#### Work request:
Exact copies of the lines below, from the one with "Navy unisex t-shirt" up to and including the one with "Fototapeta Yorkshire Terrier", are what this calls for; leave out pictures.

Segment Start: Supplied material

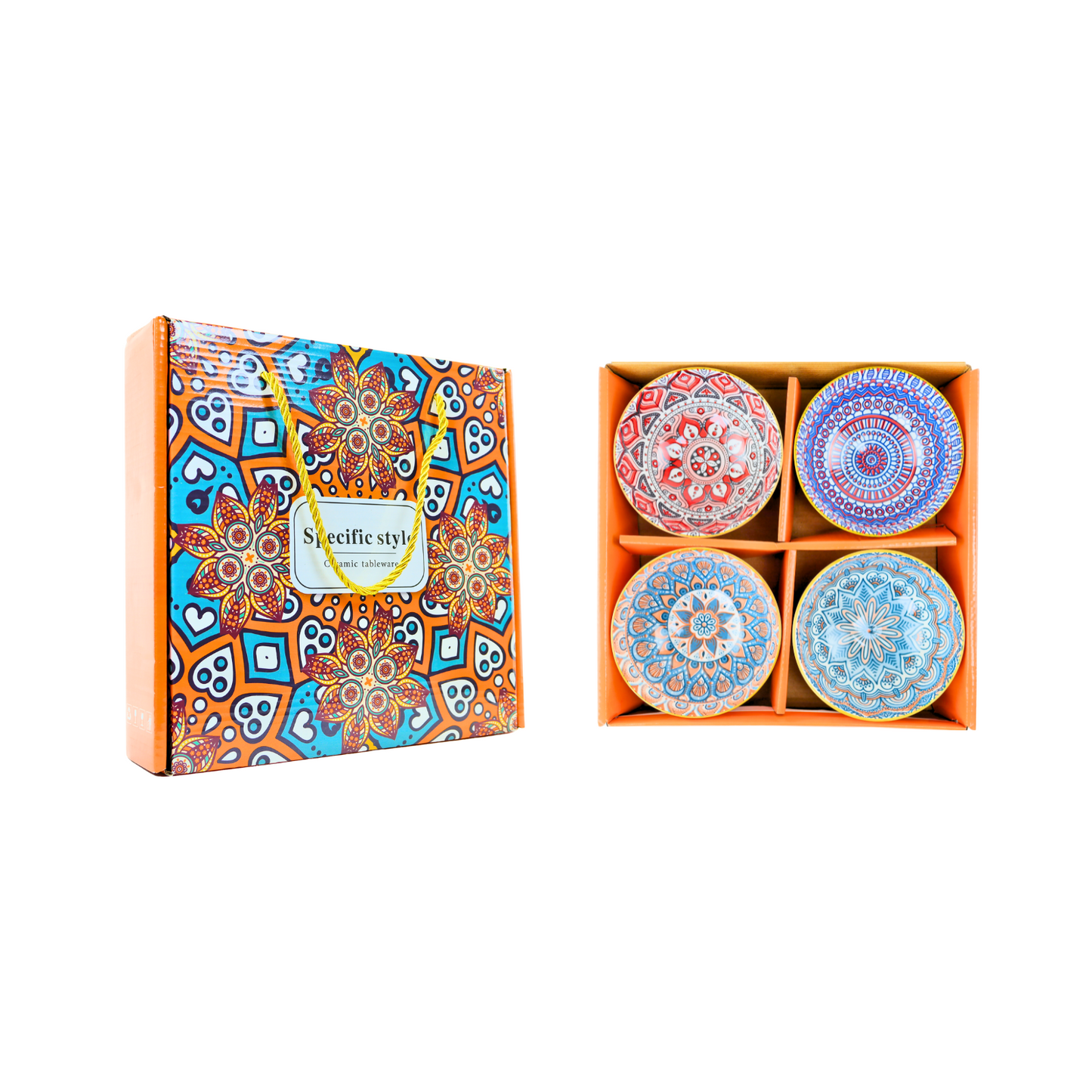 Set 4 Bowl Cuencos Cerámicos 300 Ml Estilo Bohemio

Segment End: Supplied material
Segment Start: Supplied material

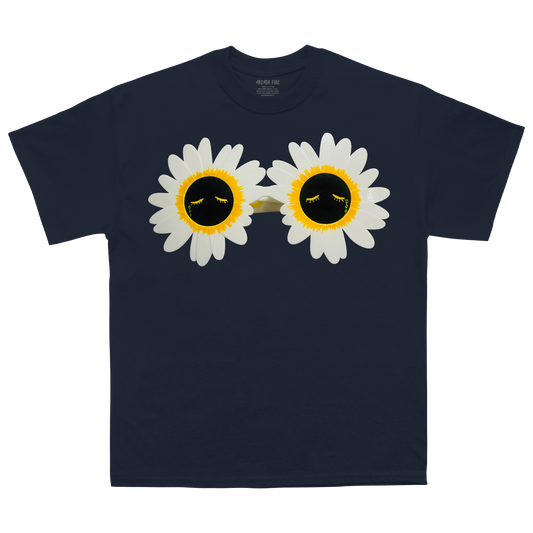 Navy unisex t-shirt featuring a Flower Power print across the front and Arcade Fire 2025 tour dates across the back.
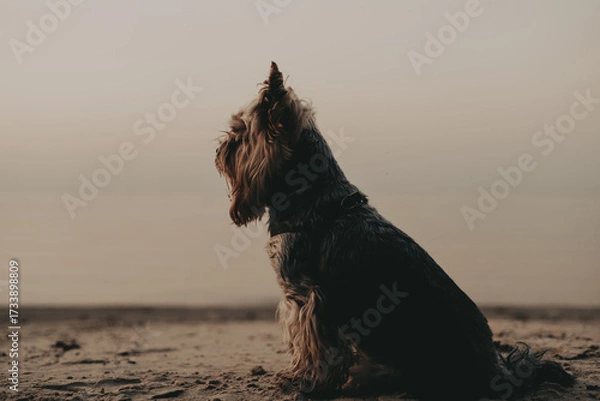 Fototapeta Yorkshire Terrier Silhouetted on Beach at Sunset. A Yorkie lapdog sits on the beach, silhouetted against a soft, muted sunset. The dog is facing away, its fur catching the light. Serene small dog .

Segment End: Supplied material
Segment Start: Supplied material

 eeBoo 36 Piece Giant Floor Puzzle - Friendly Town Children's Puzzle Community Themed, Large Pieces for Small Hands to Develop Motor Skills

Segment End: Supplied material

#### Result for this exercise:
 Navy unisex t-shirt featuring a Flower Power print across the front and Arcade Fire 2025 tour dates across the back.
 Fototapeta Yorkshire Terrier Silhouetted on Beach at Sunset. A Yorkie lapdog sits on the beach, silhouetted against a soft, muted sunset. The dog is facing away, its fur catching the light. Serene small dog .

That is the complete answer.